Senegal's capital, Dakar, has returned to an uneasy calm, after a day of destructive riots and protest marches against government policies. Despite the announcement of new government decisions, street hawkers and union leaders say their grievances remain. VOA's Nico Colombant reports from Dakar.
Motorbikes went through streets in which smoldering barricades and broken glass remained.
Street hawkers rioted Wednesday in several parts of Dakar to protest the dismantling of informal stalls as part of a government effort to renovate the city.
Informal markets reopened Thursday, but market sellers were angry.
A vegetable seller, and mother of three, Coumba, says the military tore down the $2,000 tent she had for her own market and stole her produce during a security operation at two in the morning.
She says she thinks her tent was quite pretty. Now her vegetables are dirty, she says, with all the dust that swirls around.
She says she voted for President Abdoulaye Wade twice, but now wonders what he wants her to do to feed her family. She says she is not surprised so many young Senegalese try to flee to Europe.

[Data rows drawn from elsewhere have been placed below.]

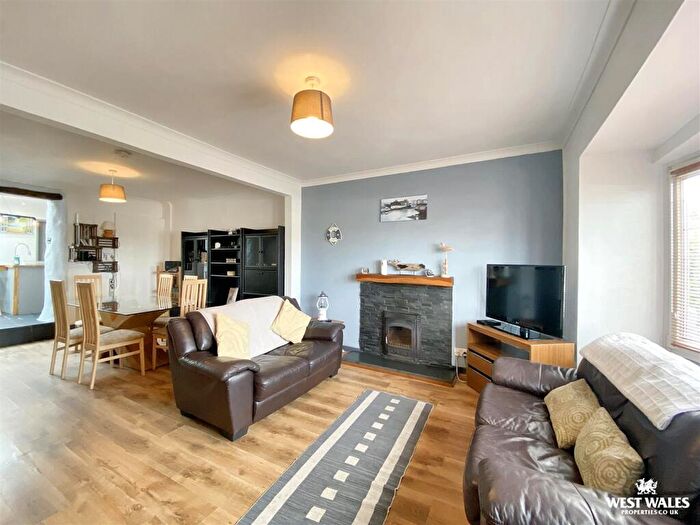 3 Bedroom Terraced House For Sale In Narberth Road, Tenby, SA70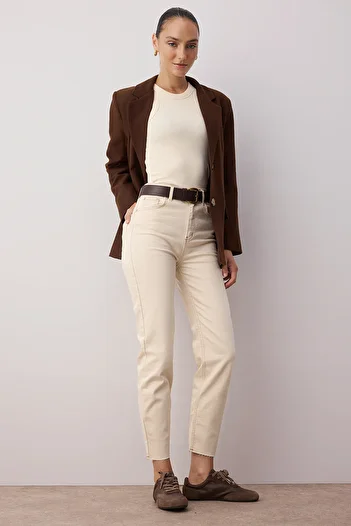 Trendyol Collection Ecru High Waist Slim Mom Jeans TWOSS23JE00094
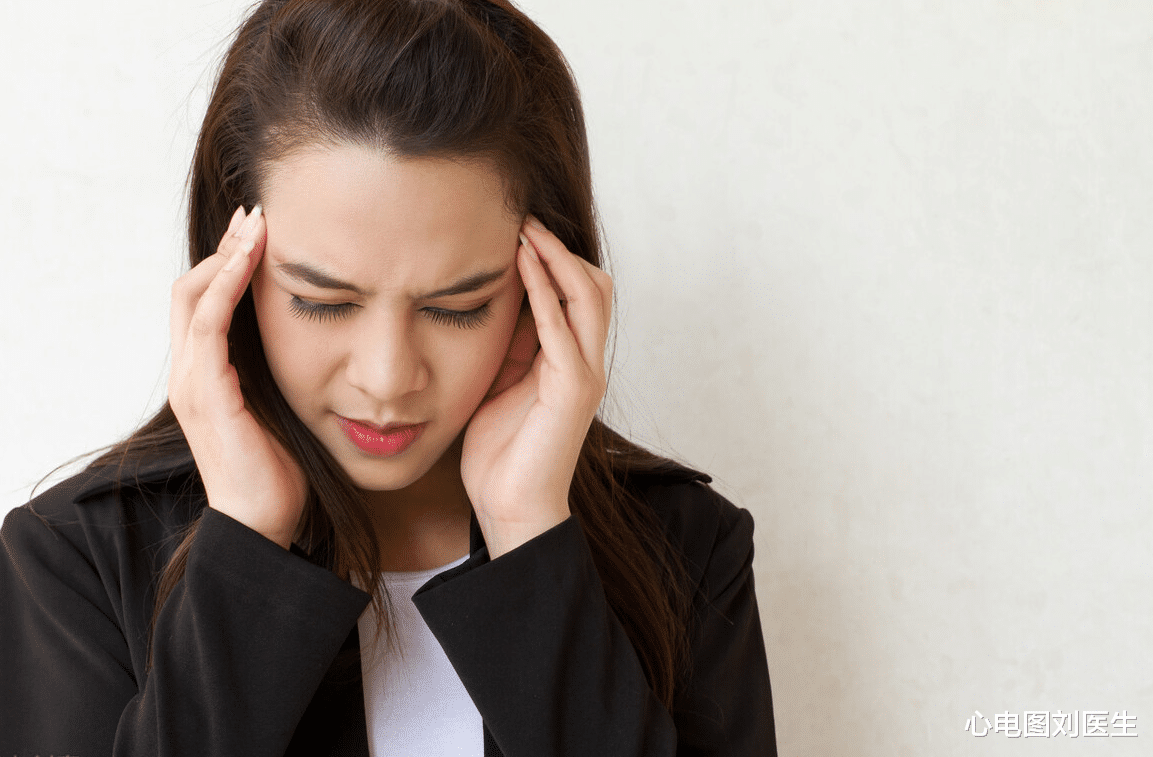 西瓜|血脂高，夏天不能吃西瓜？医生提醒：想要降脂，2种水果可多吃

The government says it tore down informal stalls to cut down on traffic and congestion, which it says is keeping foreign investors away. But critics say delayed construction to repair and widen roads is the main cause of traffic jams.
In a decision announced late Wednesday, the government said it would open two downtown streets to informal vendors on weekends and also start licensing ambulatory vendors.
Wednesday's rioting coincided with a planned march by union leaders which was banned by authorities because of the ongoing violence.
March organizer Cheikh Diop says a general strike threat remains.
He says the government has 30 days to negotiate on a number of topics, mainly increasing salaries in the public sector to match the recent upsurge in prices of staple goods.
Some bus drivers have already stopped work. Top officials have said they will take pay cuts to finance a solidarity fund to, in the words of a government spokesman, reduce the suffering of vulnerable members of society.
An unemployed man who does odd jobs, Mendy, says he is tired of both politicians and union leaders.
He says all they can do is talk.
He says people are not interested in politics, but in a real, social movement that will bring about change.
A recent World Bank report says nearly all workers in Senegal are in the informal sector, and that about a third of the employable population have no jobs at all. President Wade was first elected in 2000 on a platform of change and liberal policies, ending four decades of Socialist Party rule.